Но умерла надежда, и, рыдая,

 

 

 

Он молвил: «Если в этот склеп слепой

Тебя привел твой величавый гений,

Где сын мой? Почему он не с тобой?»

 

 

 

«Я не своею волей в царстве теней, –

Ответил я, – и здесь мой вождь стоит;

А Гвидо ваш не чтил его творений».

 

 

 

Его слова и казни самый вид

Мне явственно прочли, кого я встретил;

И отзыв мой был ясен и открыт.

 

 

 

Вдруг он вскочил, крича: «Как ты ответил?

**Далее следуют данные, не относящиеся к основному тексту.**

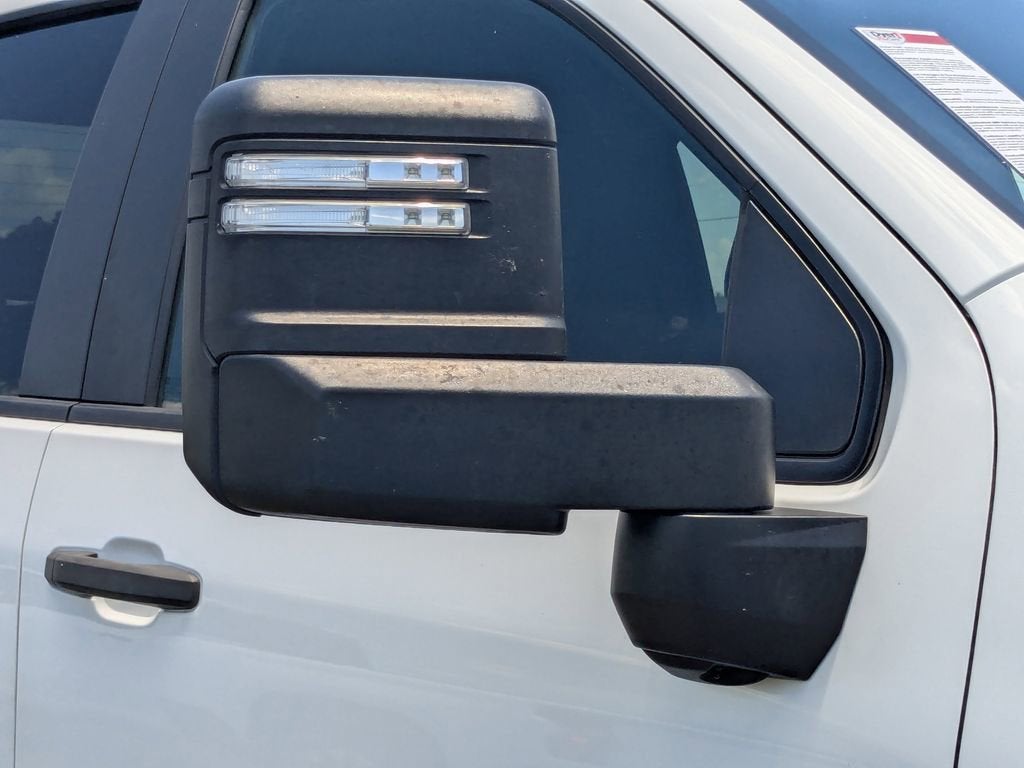 2022 Chevrolet Silverado 2500 HD Custom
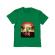 Tricou adler copil welcome to my paradise verde mediu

Он их не чтил? Его уж нет средь вас?

Отрадный свет его очам не светел?»

 

 

 

И так как мой ответ на этот раз

Недолгое молчанье предваряло,

Он рухнул навзничь и исчез из глаз.[101]

 

 

 

А тот гордец, чья речь меня призвала

Стать около, недвижен был и тих

И облик свой не изменил нимало.

 

 

 

«То, – продолжал он снова, – что для них

Искусство это трудным остается,

Больнее мне, чем ложе мук моих.

 

 

 

Но раньше, чем в полсотый раз зажжется

Лик госпожи, чью волю здесь творят,[102]

Ты сам поймешь, легко ль оно дается.

 

 

 

Но в милый мир да обретешь возврат! –

Поведай мне: зачем без снисхожденья

Законы ваши всех моих клеймят?»

 

 

 

И я на это: «В память истребленья,

Окрасившего Арбию[103] в багрец,

У нас во храме так творят моленья».

 

 

 

Вздохнув в сердцах, он молвил наконец:

«Там был не только я, и в бой едва ли

Шел беспричинно хоть один боец.

 

 

 

Зато я был один,[104] когда решали

Флоренцию стереть с лица земли;

Я спас ее, при поднятом забрале».

 

 

 

«О, если б ваши внуки мир нашли! –

Ответил я. – Но разрешите путы,

Которые мой ум обволокли.

 

 

 

Как я сужу, пред вами разомкнуты

Сокрытые в грядущем времена,

А в настоящем взор ваш полон смуты».[105]

 

 

 

«Нам только даль отчетливо видна, –

Он отвечал, – как дальнозорким людям;

Лишь эта ясность нам Вождем дана.

 

 

 

Что близится, что есть, мы этим трудим

Наш ум напрасно; по чужим вестям

О вашем смертном бытии мы судим.

 

 

 

Поэтому, – как ты поймешь и сам, –

Едва замкнется дверь времен грядущих,[106]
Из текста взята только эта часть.